- _PROBLEM DESCRIPTION_:
Leave out every picture, and return exactly the lines from the line containing "Factory Workshop Joystick" through the end of the records below, both inclusive.

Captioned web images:
________
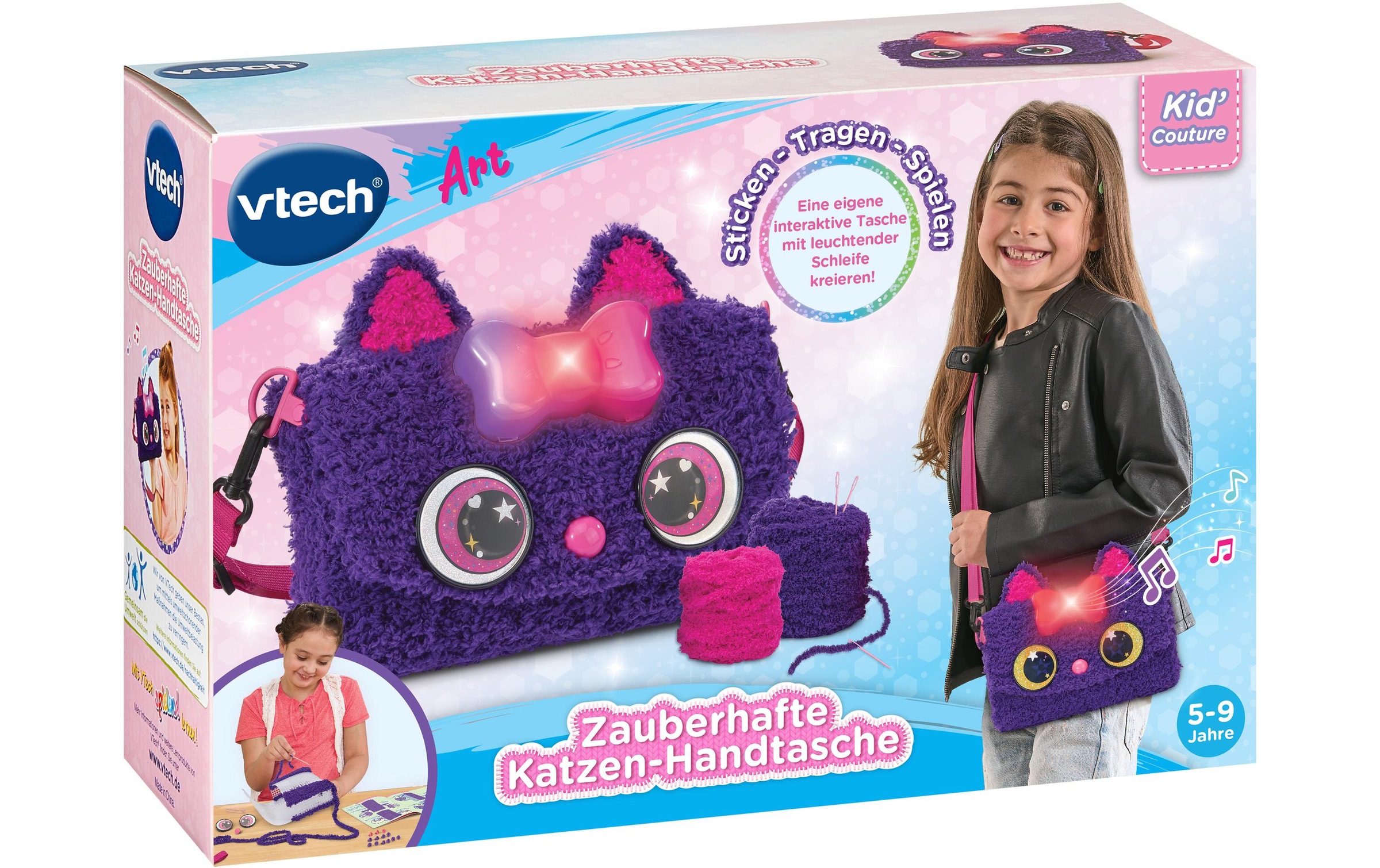 Vtech® Lernspielzeug »Zauberhafte Katzen-Handtasche -DE-«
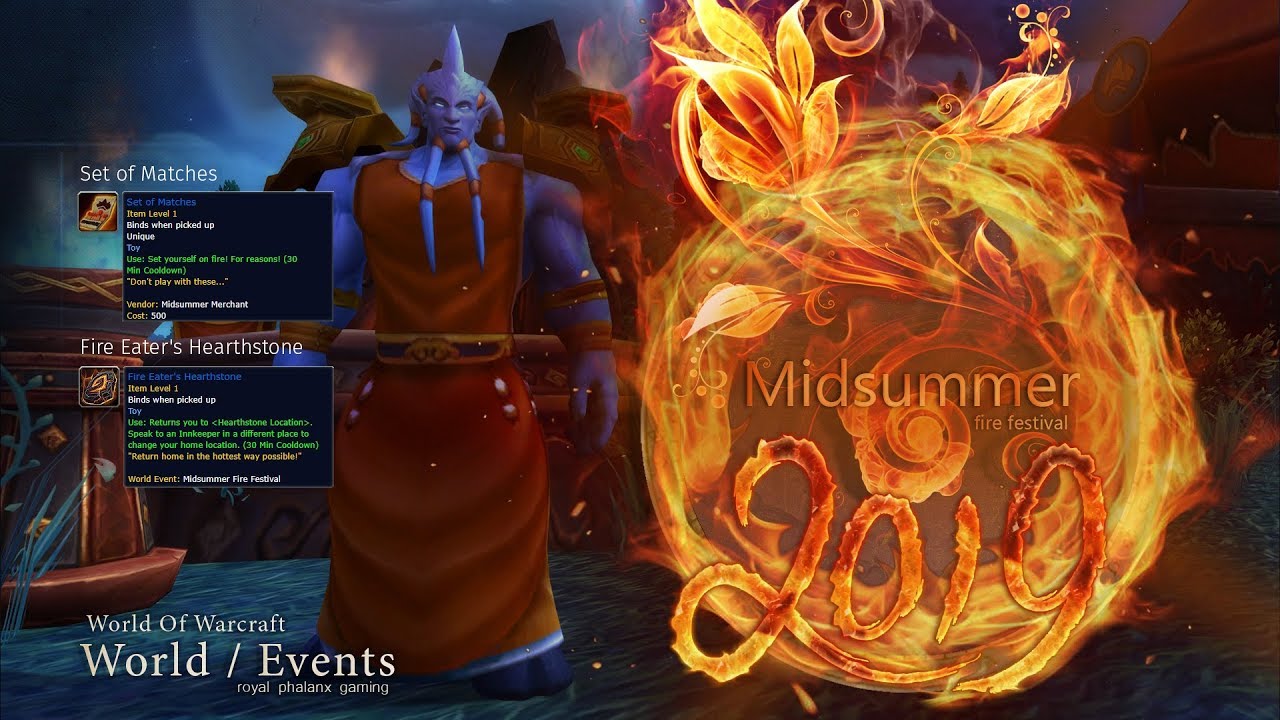 2019 Midsummer Fire Festival, Extinguishing and Flame Warden of Draenor  Achievement - YouTube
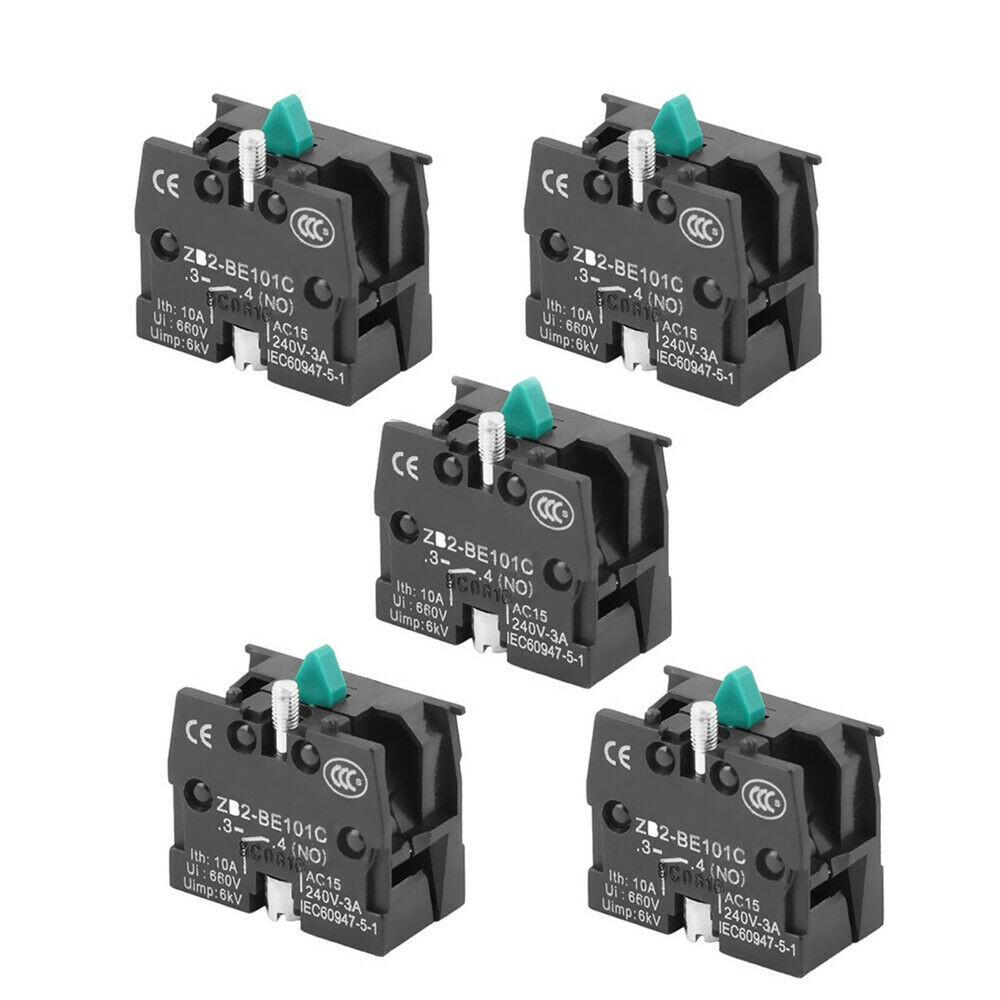 

Factory Workshop Joystick Switch Push Botton Switch Black NC ZB2-BE101C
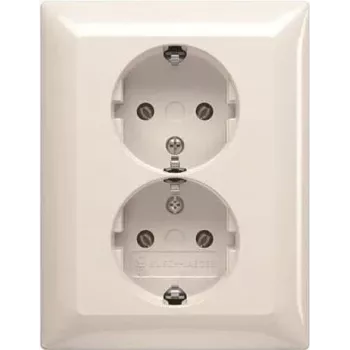 BUSCH JAEGER BJ 202 EUJ-914 SCHUKO® Divkāršā kontaktligzda ar pilno rāmi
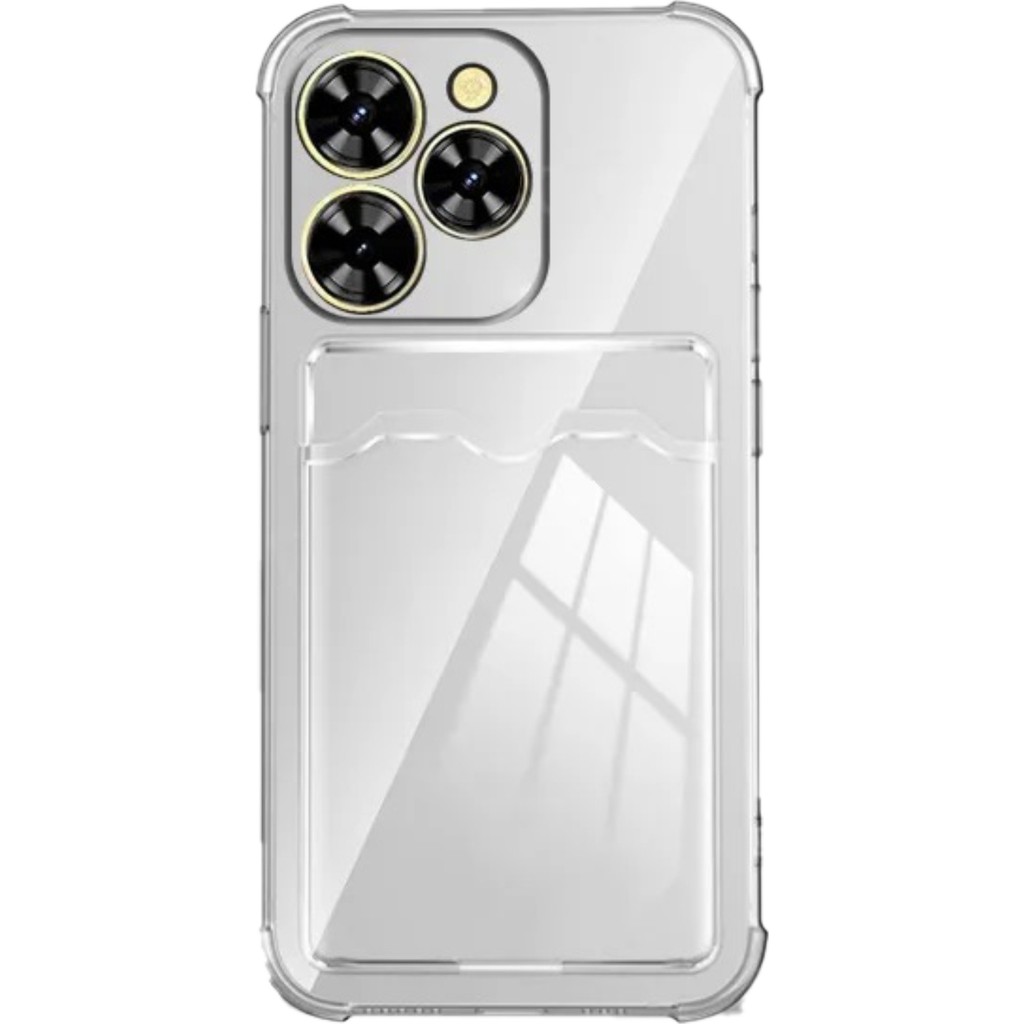 Caseart Tecno Spark 20 Pro Kapak Kamera Korumalı Kartlıklı Darbe Emici Özellikli Şeffaf Silikon Kılıf Cep Telefonu Kılıfı Fiyatı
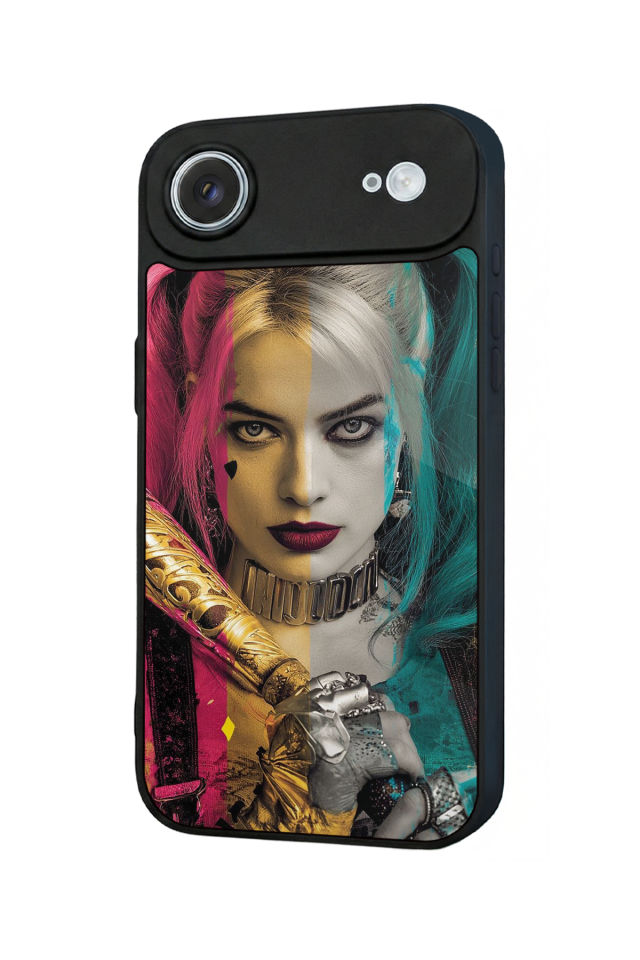iPhone 17 Air Uyumlu HarleyQueen Tasarımlı Glossy Premium Kılıf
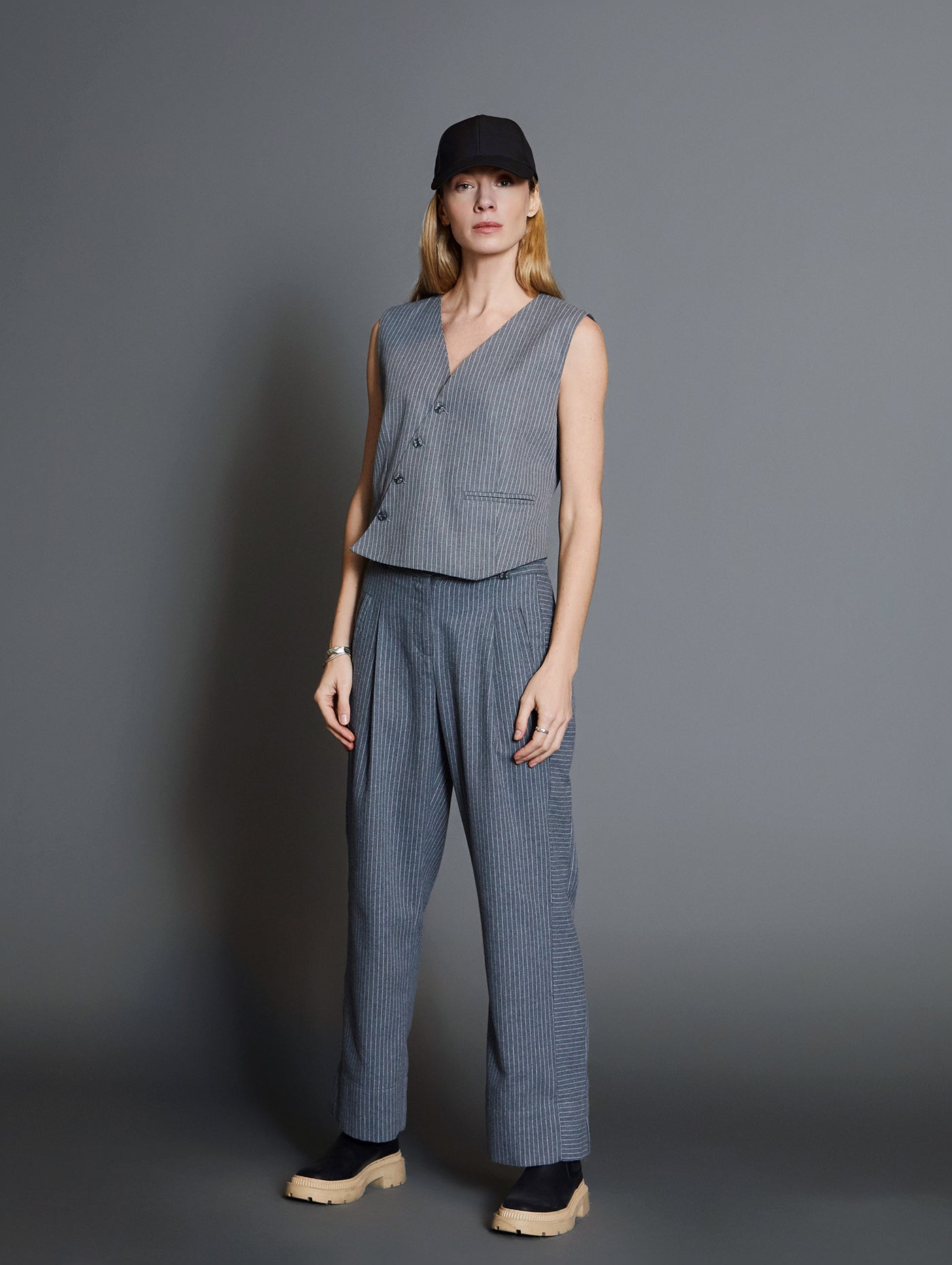 Pantalones a rayas
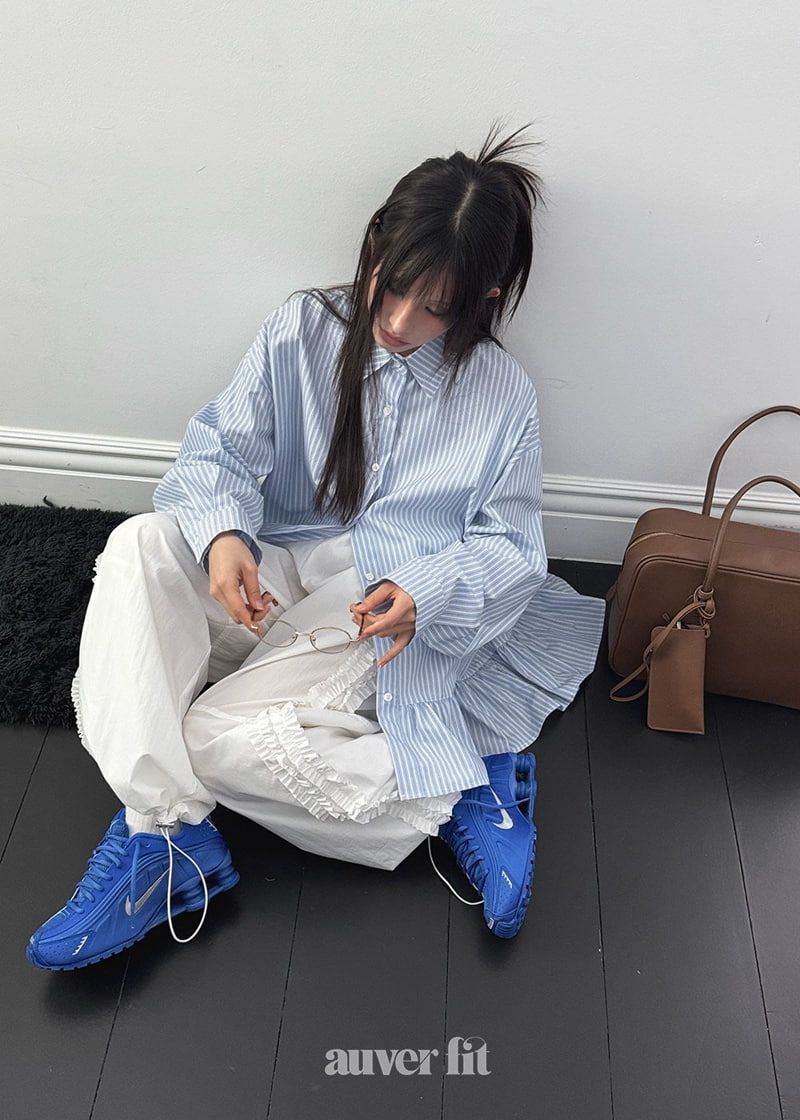 Auver_Fit - Korean Women Fashion - #momslook - Double Frill Wind Pants - 2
________
- _WRITTEN REPLY_:
Factory Workshop Joystick Switch Push Botton Switch Black NC ZB2-BE101C
 BUSCH JAEGER BJ 202 EUJ-914 SCHUKO® Divkāršā kontaktligzda ar pilno rāmi
 Caseart Tecno Spark 20 Pro Kapak Kamera Korumalı Kartlıklı Darbe Emici Özellikli Şeffaf Silikon Kılıf Cep Telefonu Kılıfı Fiyatı
iPhone 17 Air Uyumlu HarleyQueen Tasarımlı Glossy Premium Kılıf
 Pantalones a rayas
 Auver_Fit - Korean Women Fashion - #momslook - Double Frill Wind Pants - 2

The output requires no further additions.